Una vez establecida la importancia de la eficiencia energética para la transición, cabe preguntarse por qué, en la práctica, no se le considera en el lugar que debiera. Esto no solo desde la percepción, sino también basados en los niveles de inversión pública y privada en las tecnologías habilitantes de la transición energética, donde, indiscutidamente, las energías solares y eólicas llevan la delantera.

Si analizamos las barreras y desafíos que enfrentan la eficiencia energética y dificultan su visualización, tenemos que, en primer lugar, la eficiencia energética no es glamorosa. Un programa de recambio de luminarias, refrigeradores o motores, que permita ahorrar varios MW, no convoca el mismo nivel de atención que una planta solar fotovoltaica de la misma potencia. Simplemente, no es posible apreciar la magnitud e importancia de la eficiencia energética de la misma forma.

En segundo lugar, la inversión en eficiencia energética es poco bancable, lo que dificulta su desarrollo, y en particular pone una barrera financiera a las empresas de servicios energéticos (ESCO) que invierten para sus clientes. El fundamento de esta última idea radica en que la inversión en eficiencia energética no es un buen colateral o garantía debido a que, muchas veces, los productos y servicios de dicha inversión no tienen un mercado secundario relevante. A modo de ejemplo, si un proyecto basado en mejoras en procesos, o recambio de tecnología, ya sea motores, luminarias o algún otro tipo de equipamientos, tiene problemas financieros que fuercen al banco a liquidar sus activos, este obtendrá únicamente una fracción de su valor de adquisición. Esto no permite que el valor residual de la inversión en eficiencia sirva como colateral para acceder al sistema bancario.

Finalmente, la eficiencia energética puede ser promovida por grandes empresas o mineras, pero el grueso de su potencial radica en los sectores de pequeña industria, público, residencial y comercial a través de mitigación de barreras y la implementación de programas que apuntan a miles o incluso cientos de miles de usuarios. En este sentido, el avance de la eficiencia energética requiere de la intervención de entidades articuladoras, ya sea empresas de distribución de energía o del propio Estado.
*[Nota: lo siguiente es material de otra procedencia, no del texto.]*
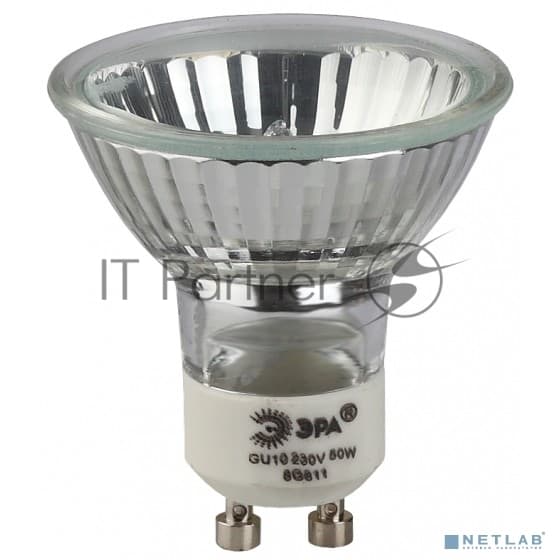 Лампа галогенная ЭРА GU10-JCDR (MR16) -35W-230V(10/200/4800)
La importancia de la eficiencia energética para la transición es clave, sin embargo, su promoción requiere un entendimiento profundo de sus dinámicas y un Estado muy activo en la mitigación de barreras, en particular las de información y de financiamiento, y la articulación de programas masivos que lleven a la eficiencia energética a los territorios. Sin un gasto público/privado relevante en estos programas, los avances en eficiencia serán limitados.